La contemporaneidad tiene el sello de la sociedad de consumidores, que abarca toda la realidad existencial del ser humano: vida laboral, sexualidad, entretenimiento, vida familiar. Antropológicamente, podría representar una nueva era en la historia, pues, junto con la digitalización, significa un quiebre en el relacionamiento con los otros e incluso en la autopercepción individual. No solo los bienes materiales, incluso las emociones son ahora productos del mercado, susceptibles de venta y compra, algo que nunca antes ocurrió. El mercado de placeres es como una inmensa feria que hace que la satisfacción nunca llegue a ser plena. Y así, habrá que preguntarse si las aplicaciones de citas a ciegas y exprés, las de ventas por Internet, el torrente de información que circula en redes sociales o los miles de series y películas disponibles en Netflix o Paramount+ nos facilitan la vida o siquiera nos reducen la sensación de vacío.

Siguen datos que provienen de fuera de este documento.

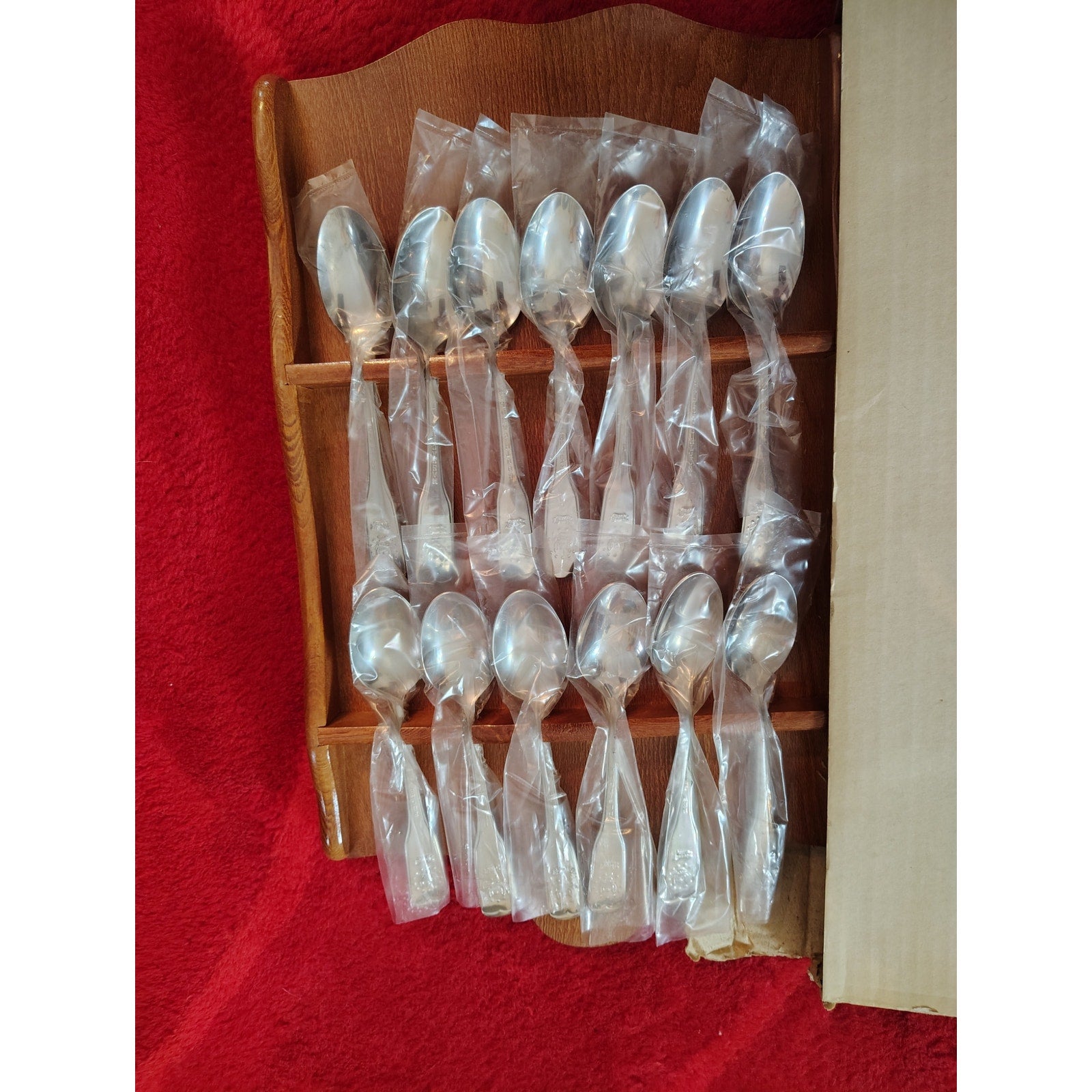 Vintage NIB Bicentennial Spoon Collection of 13 Colonies with Wood Rack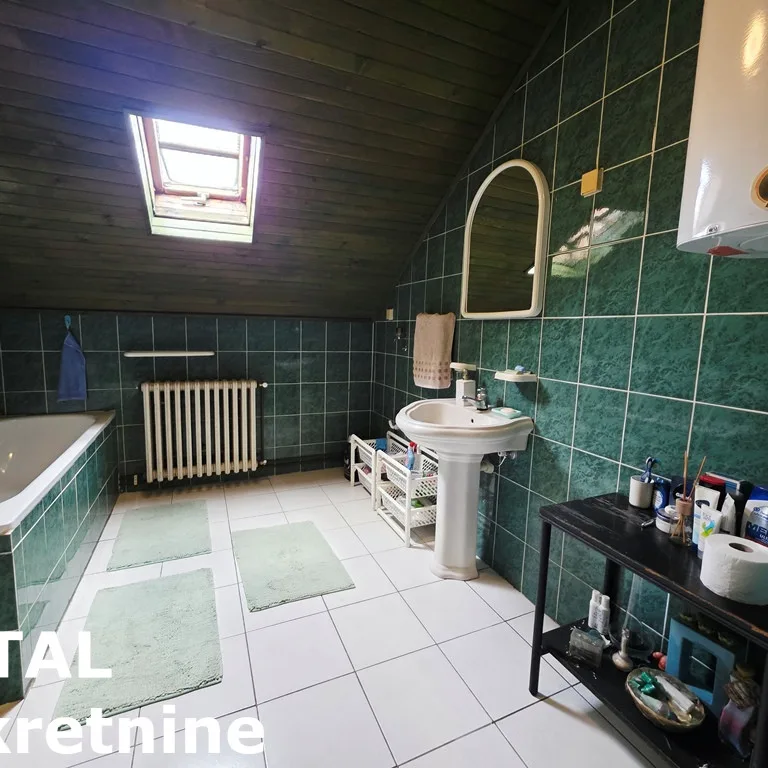 Kuća na prodaju, Blizina Centra, Temerin, 158m², 241.500 €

La adicción al consumo es muchas veces inconsciente y dolorosa, ya que mientras más se consume, más se quiere consumir. Hay estudios que afirman que el consumo inmoderado de redes sociales, por ejemplo, libera una sustancia parecida a la que se libera cuando se consumen ciertas drogas o se es adicto a ciertas cosas, sustancia que estimula en el cerebro el deseo de más novedad y placer rápido. Es por eso que el éxito del consumismo se explica no por la cantidad de lo que se puede consumir, sino por la de cuánto quiere el ser humano consumir, que es diferente. Entonces habrá que considerar emanciparse o por lo menos cuestionar estas dinámicas de rendimiento agotadoras, tratar de escapar de la tiranía de la mercadotecnia y la publicidad, que son los brazos operadores del mercantilismo. No hablo de renunciar a los teléfonos inteligentes o los ordenadores, que se han vuelto casi extensiones de nuestros cuerpos, sino de dejarlos por un momento para volver a recordar que somos de carne y hueso. Amar los procesos, el camino, el trayecto, más que la meta, el final o el objetivo, puede hacer que hallemos un placer no tan evanescente, no tan efímero, quizá más real, y de hecho no tan dañinamente adictivo como el que nos da la celeridad consumista, la cual, al final, consume al propio sujeto, el cual termina triste y exhausto.
Que en este 2024 las sociedades se regalen más tiempos de espiritualidad, contemplación y recreo, pero no con pantallas luminosas, sino con la naturaleza y la pausa, ya que ésta puede ser un fin en sí mismo. Para cerrar esta columna, coloco una cita optimista de la pluma de Tagore: “Si no puedo cruzar una puerta, cruzaré otra o haré otra puerta. Algo maravilloso vendrá, no importa lo oscuro que esté el presente”.
Ignacio Vera de Rada es profesor universitario.